Monday, July 25, 2005

Global Warming and The Endowment Effect

I’ve been trying to get together a piece on rent-seeking aspects of Kyoto and subsequent global warming policies, but I’ve gotten sidetracked by a number of things. I am on holidays, after all. But one thing I’ve come across is the notion that there is a fair bit of evidence that the benefits of global warming may actually exceed the costs.

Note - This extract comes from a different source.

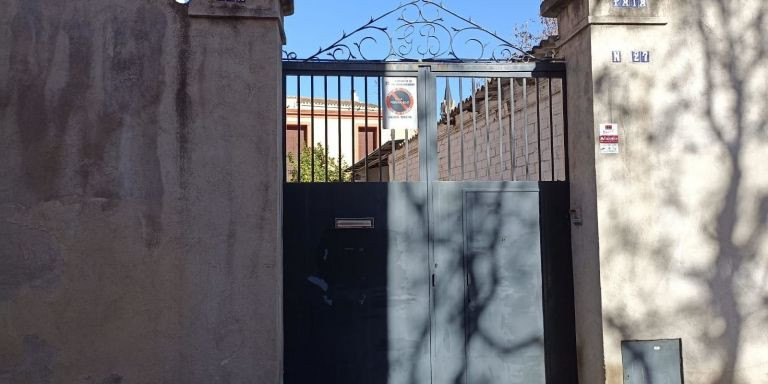 Puerta de entrada a la Masia de Can Pata de Santa Coloma / CEDIDA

Directly leaving that issue aside for the moment, I’m wondering whether the benefits and costs can really be directly compared this way. A fairly large volume of economic research has indicated that people’s willingness-to-pay (demand) curves are very rarely straight lines, and they typically have kinks at the status quo situation. In other words, researchers such as 2002 Nobel Prize winner Daniel Kahneman and Jack Knetsch (a professor emeritus at The School of Resource and Environmental Management at Simon Fraser University, where I went to grad school) have found that people are generally much more resistant to giving up what they have then they are interested in obtaining more (this is known as “the endowment effect”). This is presumably due to the psychological effects of reference dependence and risk aversion. With this in mind, I wonder if we need to place more value on the losses that certain regions/individuals will incur because of global warming than we put on the benefits that may also result because of warming (that is, if the comparisons that are currently available are ignoring this effect, which I assume they are). Regardless, it may be important to have some mechanisms in place to compensate those who are net “losers” from global warming, as the costs and benefits are clearly unequally distributed.